Baseline: {'eval_loss': 4.240687847137451, 'eval_accuracy': 0.285, 'eval_runtime': 424.1897, 'eval_samples_per_second': 4.715, 'eval_steps_per_second': 0.589}
PEFT Fine-Tuned: {'eval_loss': 1.0680186748504639, 'eval_accuracy': 0.6195, 'eval_runtime': 8.8185, 'eval_samples_per_second': 226.796, 'eval_steps_per_second': 28.35}


The experiment shows that the original GPT-2 foundation model performs poorly at emotion classification (accuracy ≈ 28.5%).

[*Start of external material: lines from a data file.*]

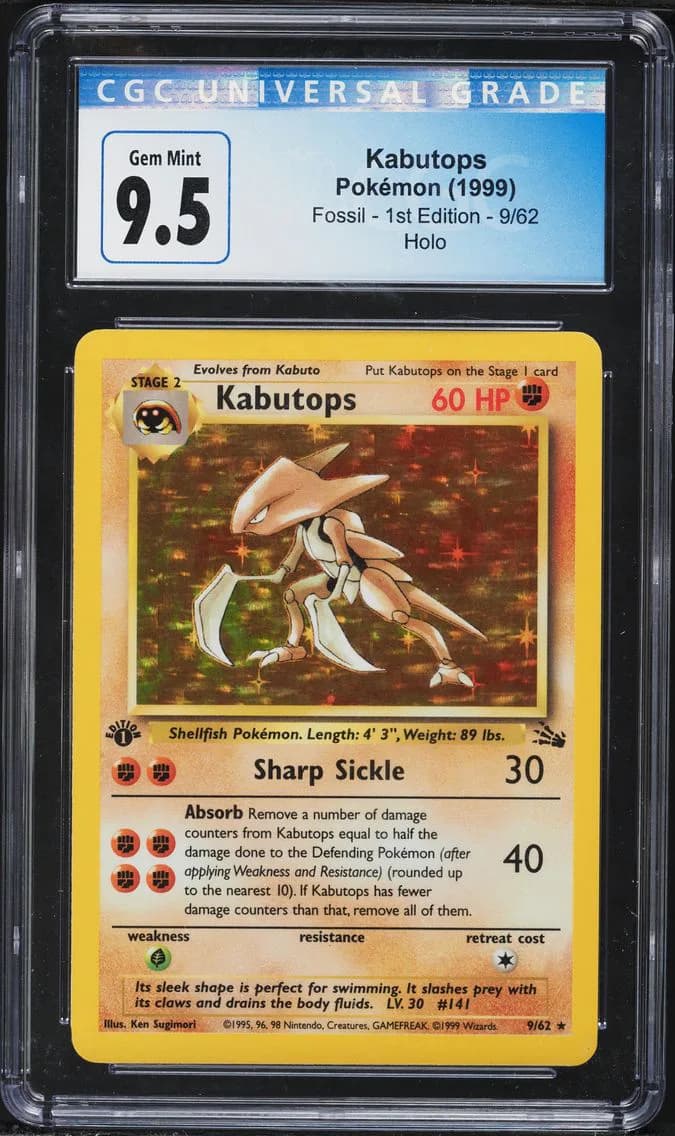 Kabutops-Holo 1st Edition, Fossil - 1st Edition, CGC 10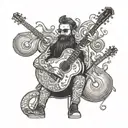 A bearded musician playing a guitar made of mushrooms tattoo design idea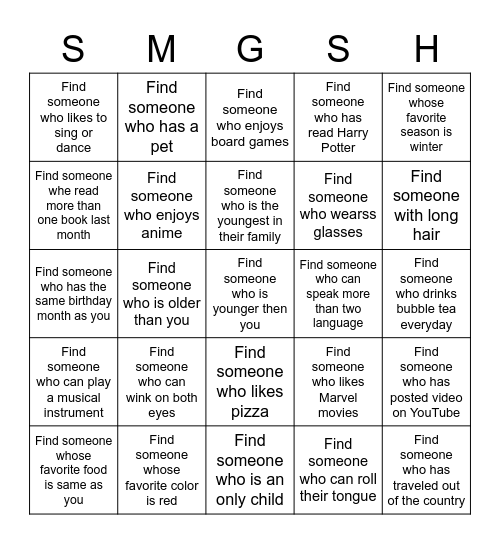 New Classmate Bingo Card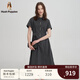 Hush Puppies【輕盈無壓】暇步士女裝2025夏季休閑收腰半袖連衣裙 玄青藍(lán) L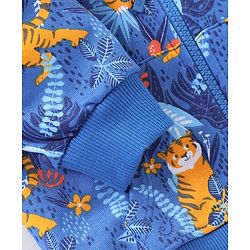Babyhug Cotton Full Sleeves Hooded Sweat Jacket Tiger Print- Blue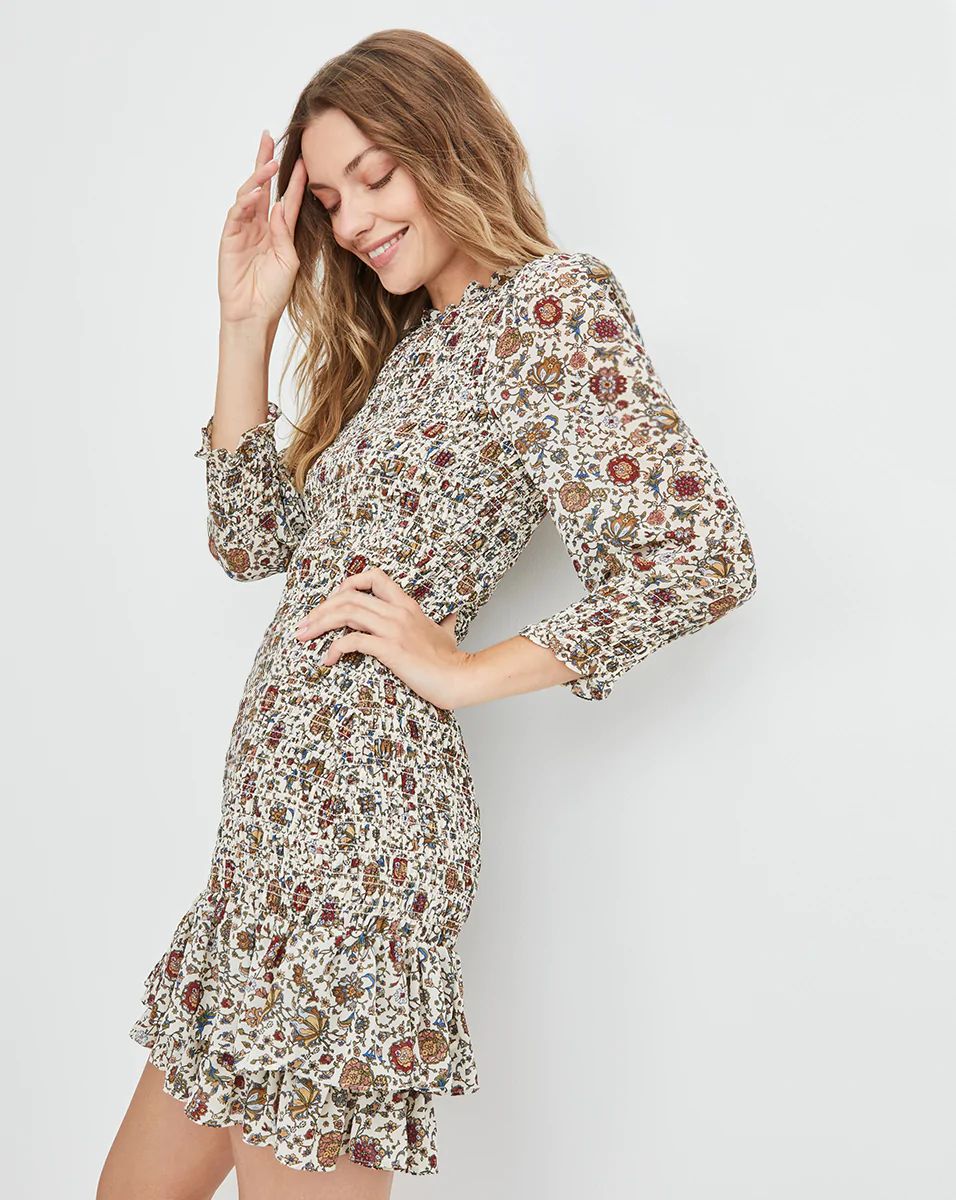 Farha Vine-Floral Minidress | Veronica Beard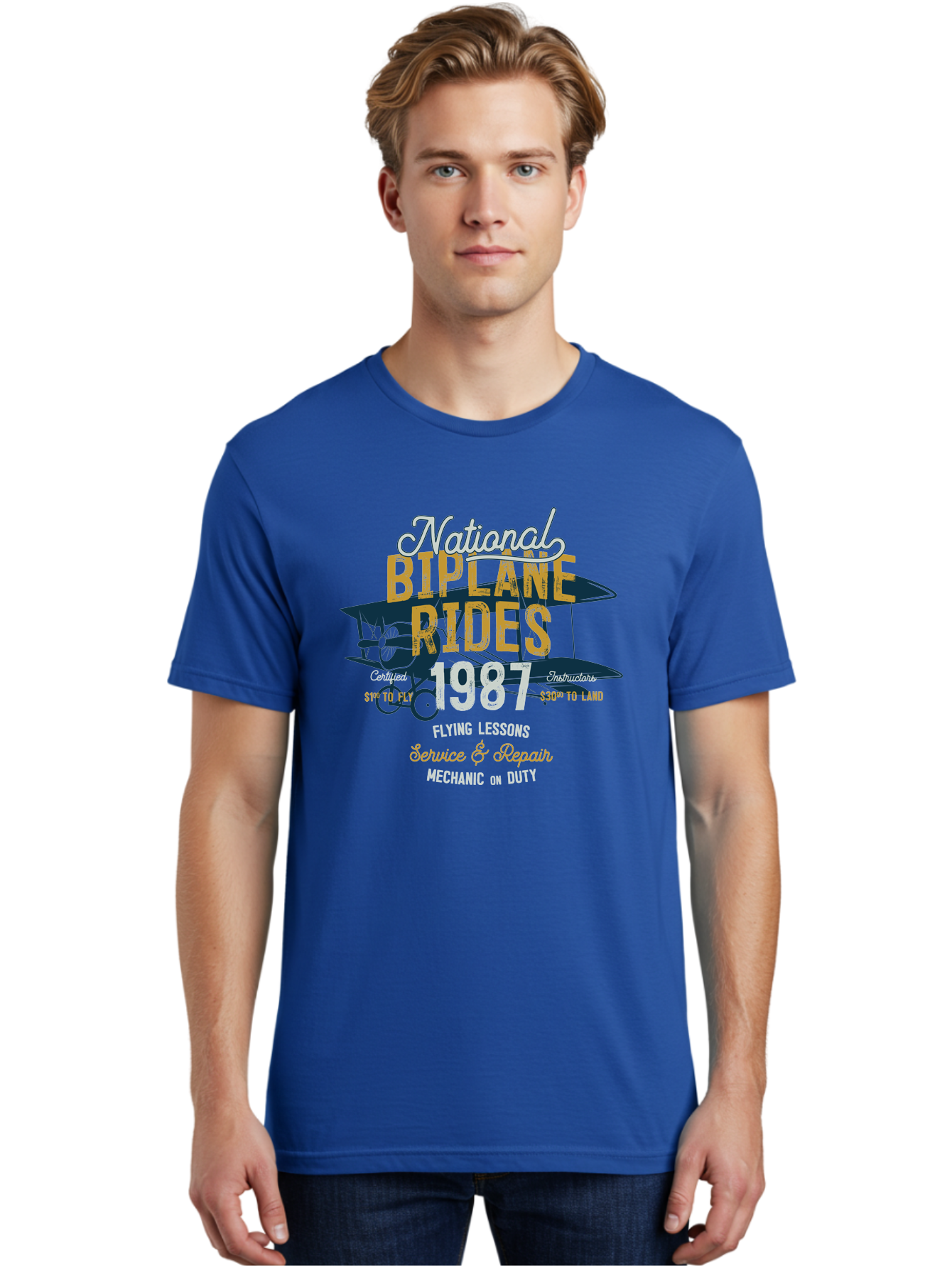 National-Biplane-Rides Men'S Graphic Tee, 100% Cotton, Comfortable Casual Summer Wear, Machine Washable, Vintage Airplane, Biplane Rides, Flying Lessons, Certified Instructors, Service And Repair, Mechanic On Duty, Aviation Experience, 1987, Aab946 4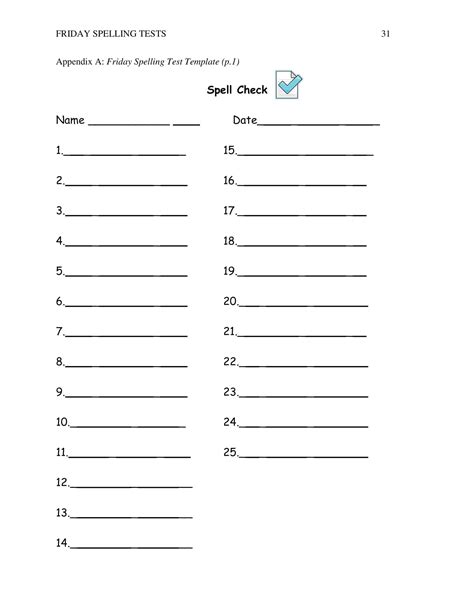 Free Printable Spelling Test Templates [pdf] 10 15 20 25 Words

However, after applying LoRA-based parameter-efficient fine-tuning for just one epoch, validation accuracy rose to nearly 62%. This demonstrates the effectiveness of PEFT for adapting large language models to custom text classification tasks with minimal computational cost.

Stage   	Accuracy	Eval Loss	What it means
Baseline 	0.285   	4.24     	Pretrained, not tuned for emotions—almost random
PEFT LoRA 	0.6195   	1.07    	Model now specialized for emotion detection—good improvement!